Our greatest physical asset is the waterfront along Lake Erie. Cleveland’s downtown is separated from North Coast Harbor by a 50-foot drop in elevation, the shoreway and a wasteland of railroad lines and parking lots. Our waterfront must be more at the center of gravity of downtown and connected to all parts of the city.
You can start by supporting the building of a pedestrian and bicycle bridge connecting Downtown Cleveland to the lakefront. You should also begin the process of closing Burke Lakefront Airport. It’s seen more than a 60% decline in flights in recent years and opening up its 450 acres and 3 miles of Lake Erie shoreline for development would be transformational.
Inclusive economic growth means that Cleveland’s success will be measured not just by how many new jobs you help create or how much you revitalize our lakefront. It means we must also be measured about how well Cleveland’s rising tide lifts all boats, not just some.

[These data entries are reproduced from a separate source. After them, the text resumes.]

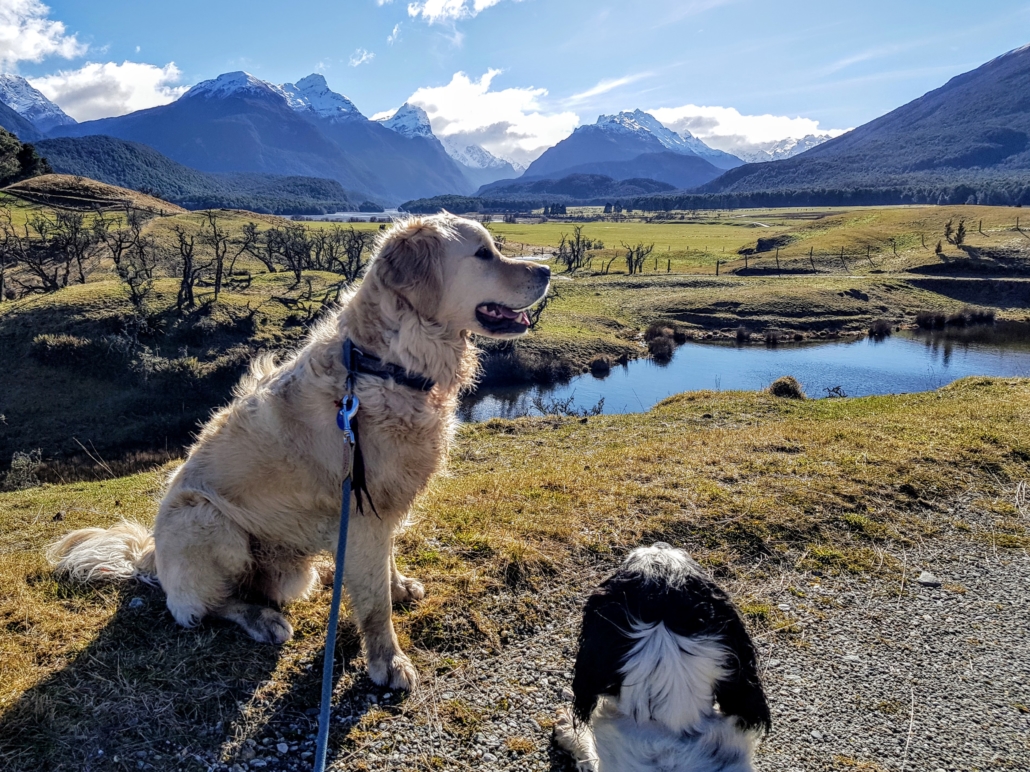 Golden retriever sittiing in front of mountains and pond view
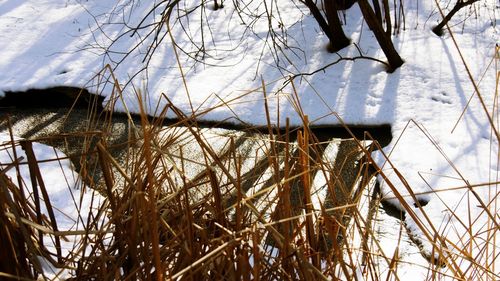 Dry plants on lake against sky during winter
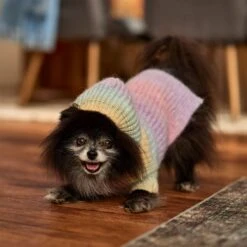 Frisco Soft Multi Stripe Ombre Dog & Cat Hooded Sweater -Frisco Shop 742838 PT7. AC SS1800 V1692376365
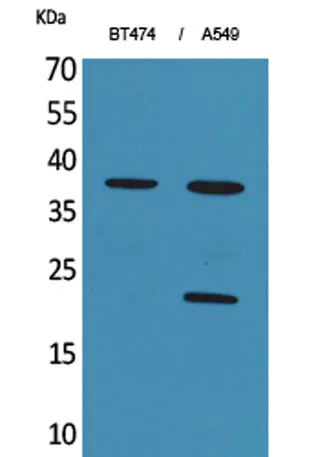 IFN-α1 rabbit pAb - image 1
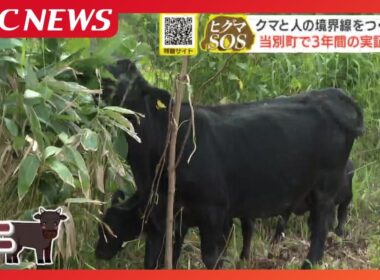 クマと人の境界線をつくる牛　生活域への出没「里山の減少」が原因…雑草生い茂る土地にアンガス牛4頭を放牧し牛の力で“緩衝帯”を　3年間実証実験　当別町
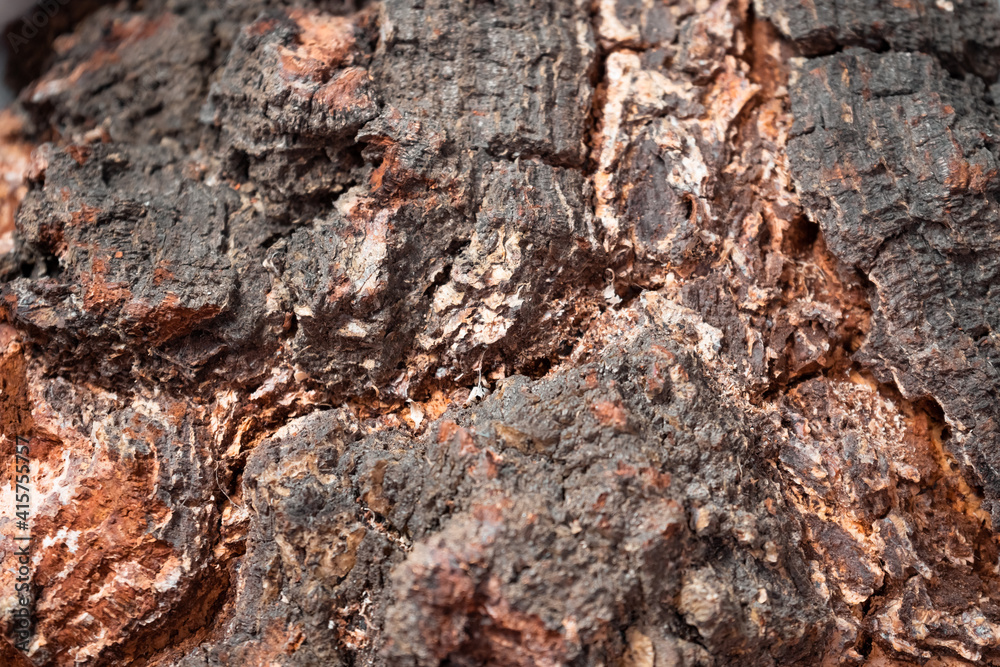 The texture of natural birch. Background close-up The texture of natural birch. Background close-up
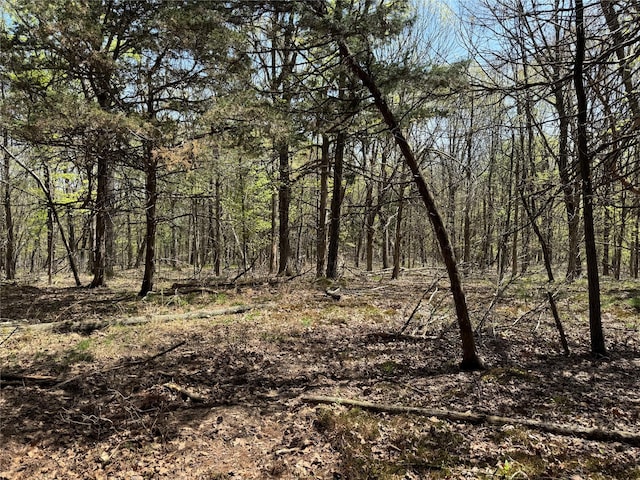 view of local wilderness with a forest view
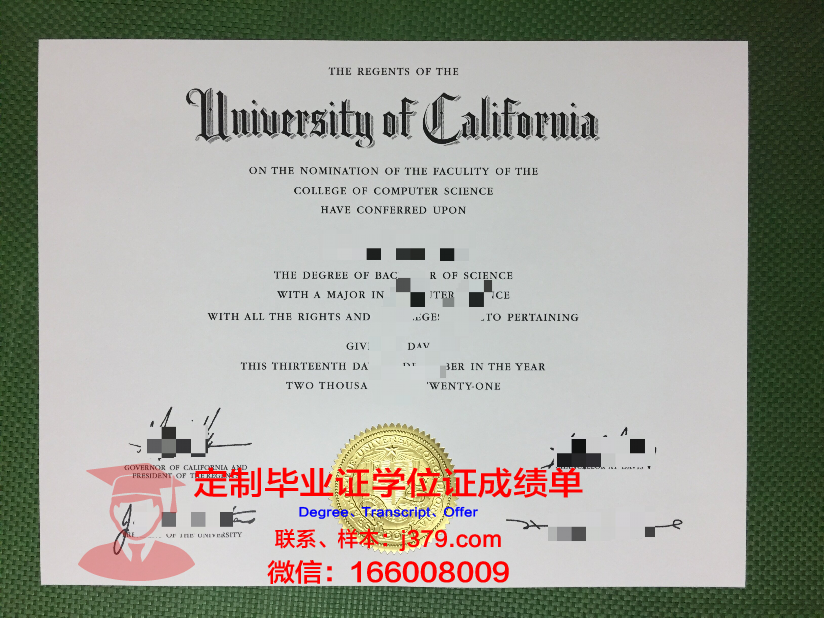 穆斯塔法国际大学毕业证长什么样(14岁穆斯塔法)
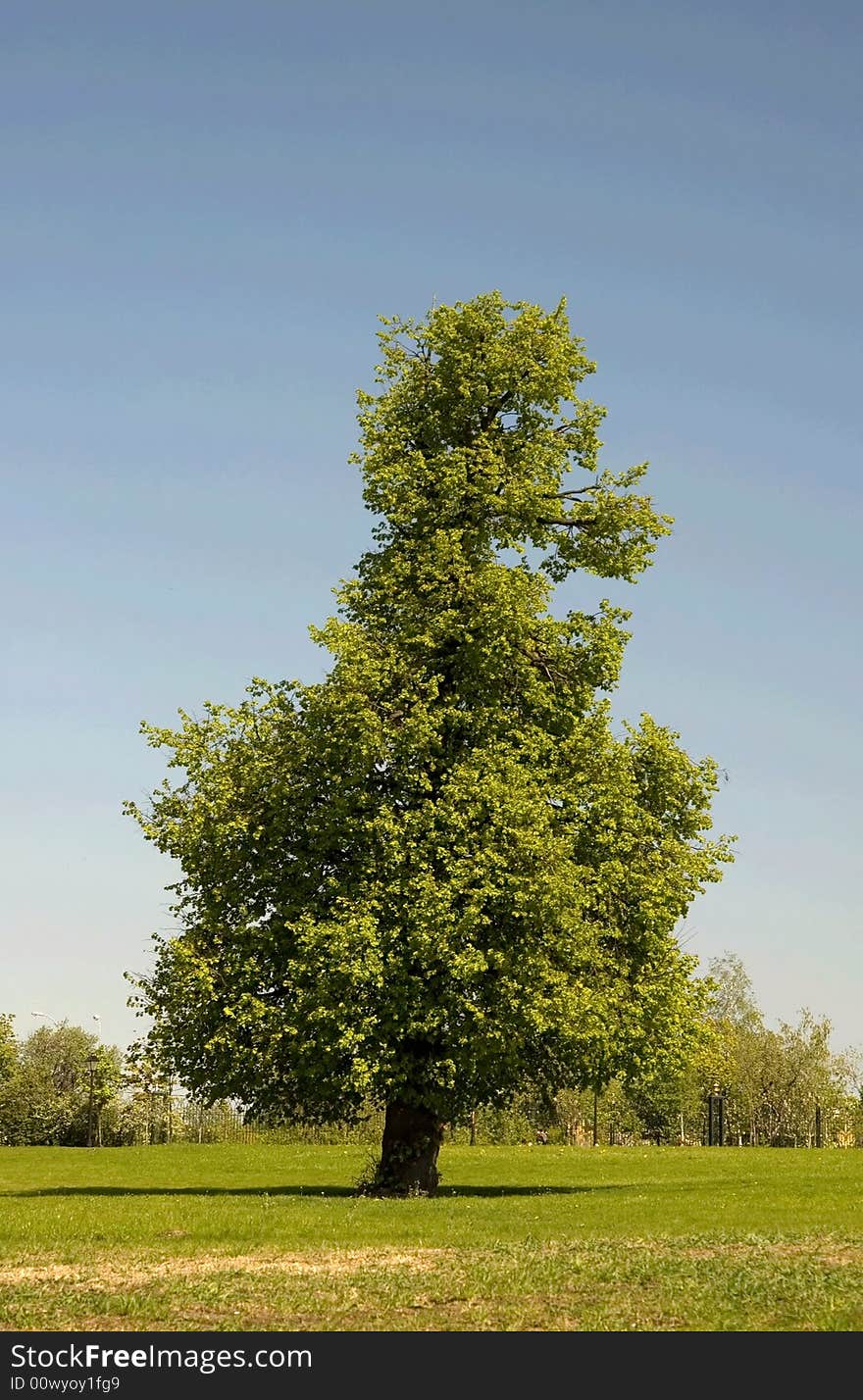 The single tree on a background of the blue sky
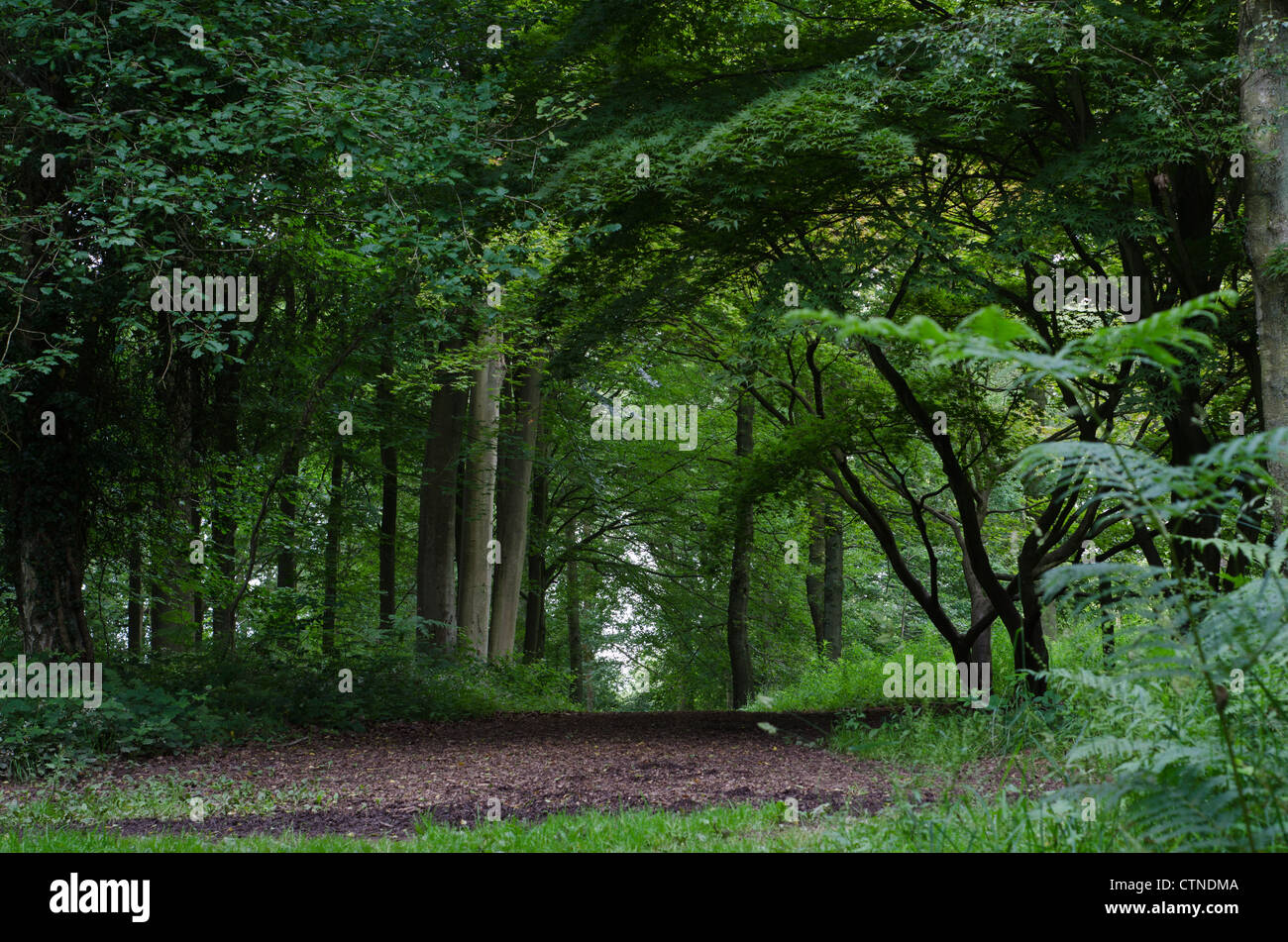 Un étroit sentier menant à travers l'anglais. forestiers matures Banque D'Images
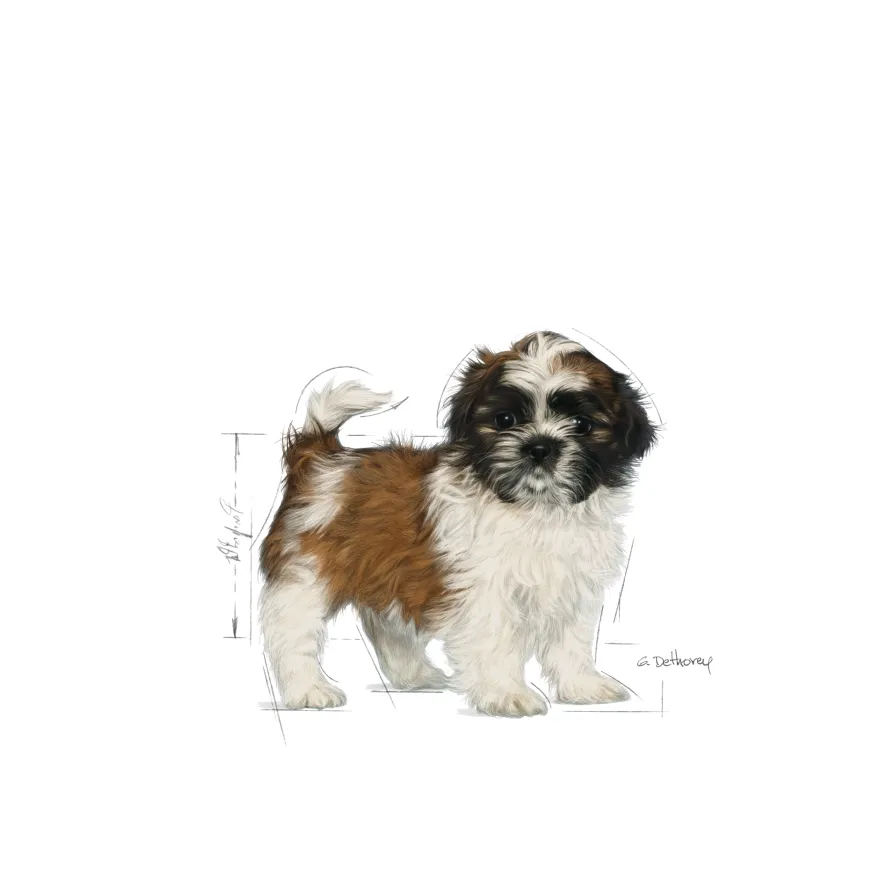 Shih Tzu Puppy tørrfôr for valper 1,5 kg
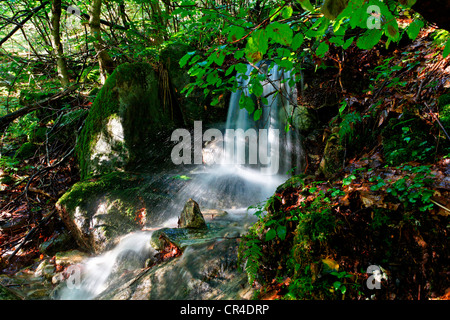 Wasserfall, Val Versasca, Kanton Tessin, Schweiz, Europa Stockfoto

As the Fund for Our Economic Future has noted, job creation, preparation and access must include an explicit focus on strategies that lead to more racially equitable outcomes. We must be able to connect light rail and bus rapid transit to jobs, and go from one neighborhood to the next safely and effortlessly 24/7.
Your agenda must directly address the issue of race. Somewhere along the way, the effort to improve race relations dropped from our community’s overarching agenda. While organizations such as the NAACP, Urban League and Diversity Center of Northeast Ohio play a vital role in advancing diversity, equity and inclusion, you should create a forum where leaders from the business, education, labor, civic and religious organizations meet regularly to talk about race and work to improve race relations in Greater Cleveland.
Talking about race, even when it is uncomfortable to do so, is necessary for progress. While conversation alone will not be enough, skipping the conversation ignores the human element of this systemic crisis. In 1981, community leaders formed the Greater Cleveland Roundtable. I had the privilege of serving on the roundtable for many years, and I witnessed the power of regular conversation between races, cultures and generations. It’s time for you to bring the roundtable back.
Every city goes through challenging times and unexpected crises, all of which tear at a city’s soul. The common thread of those that not only survive but thrive is trust. When a city establishes a strong foundation of trust among its leaders and with its citizens, it can withstand those forces trying to tear it apart.
Please remember that change happens at the speed of trust.
Mayor, all of us, including those who did not support you, want you to succeed, because if you succeed, we succeed.